WHAT IS EXPECTED | Repeat, word for word, every line from the line holding "Altair 8800 Assembly" through the final line of the entries below. Skip all pictures.

AVAILABLE RECORDS |
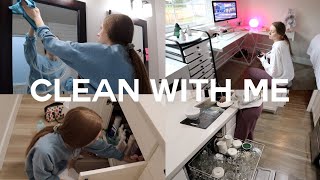 ULTIMATE deep clean with me!! whole house cleaning motivation 2021 *very satisfying*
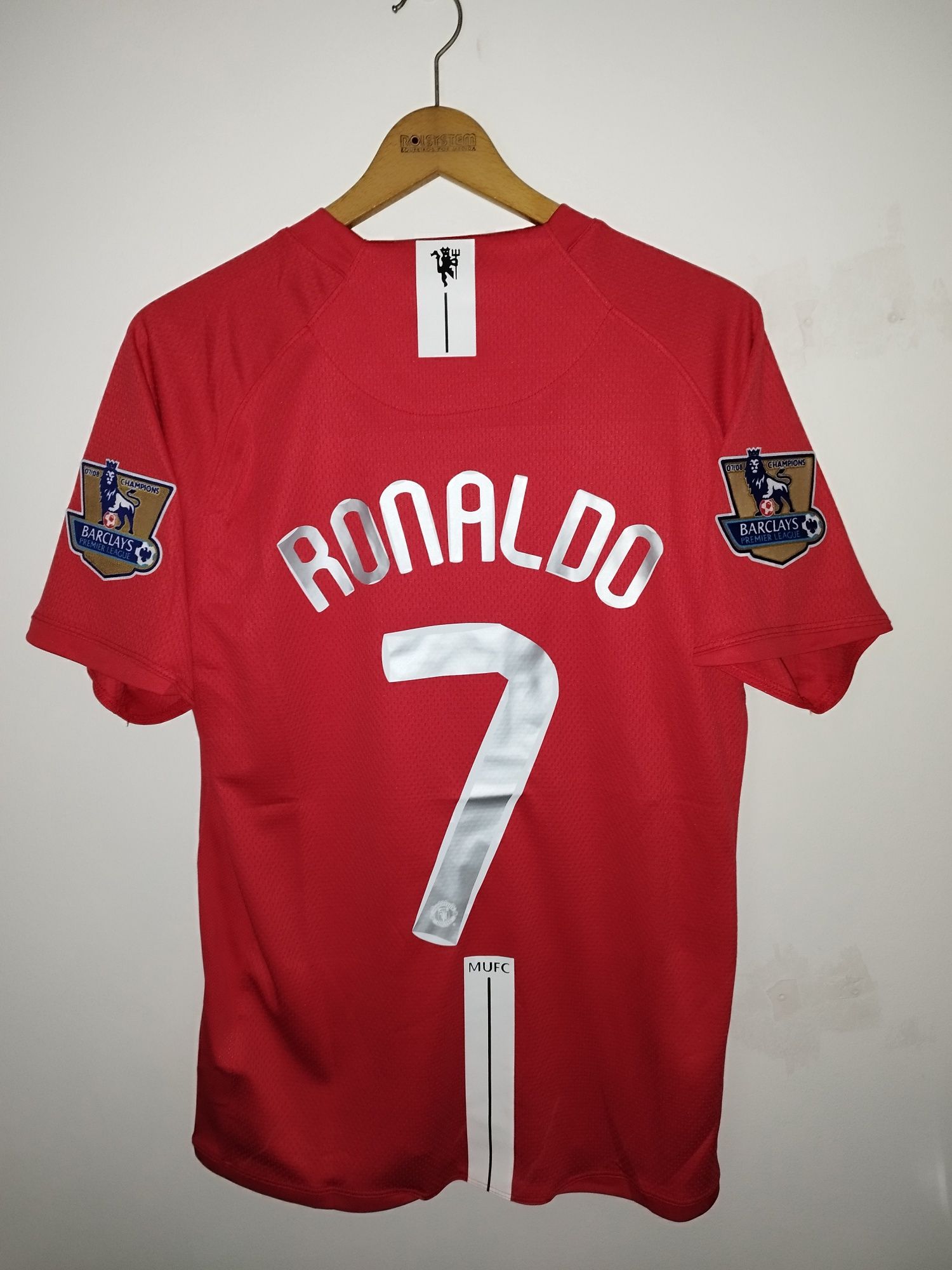 Ronaldo Manchester United 2007/2008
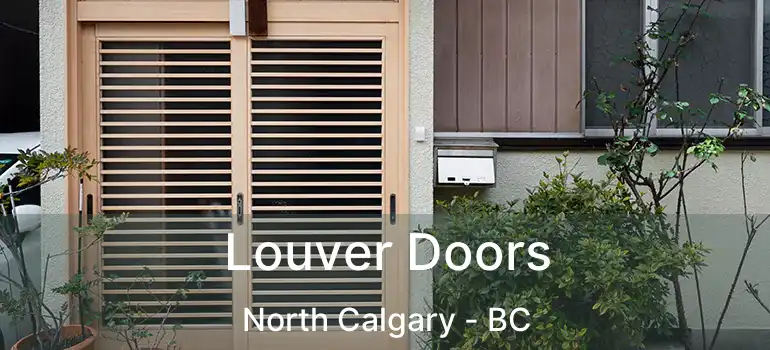  Louver Doors North Calgary - BC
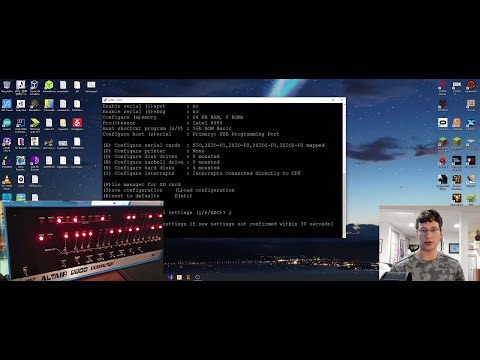 Altair 8800 Assembly Development - FAST + EASY SETUP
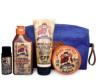 KIT VIAGEM IRON JACK BARBA FORTE 4 PRODUTOS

SOLUTION BELOW |
 Altair 8800 Assembly Development - FAST + EASY SETUP
 KIT VIAGEM IRON JACK BARBA FORTE 4 PRODUTOS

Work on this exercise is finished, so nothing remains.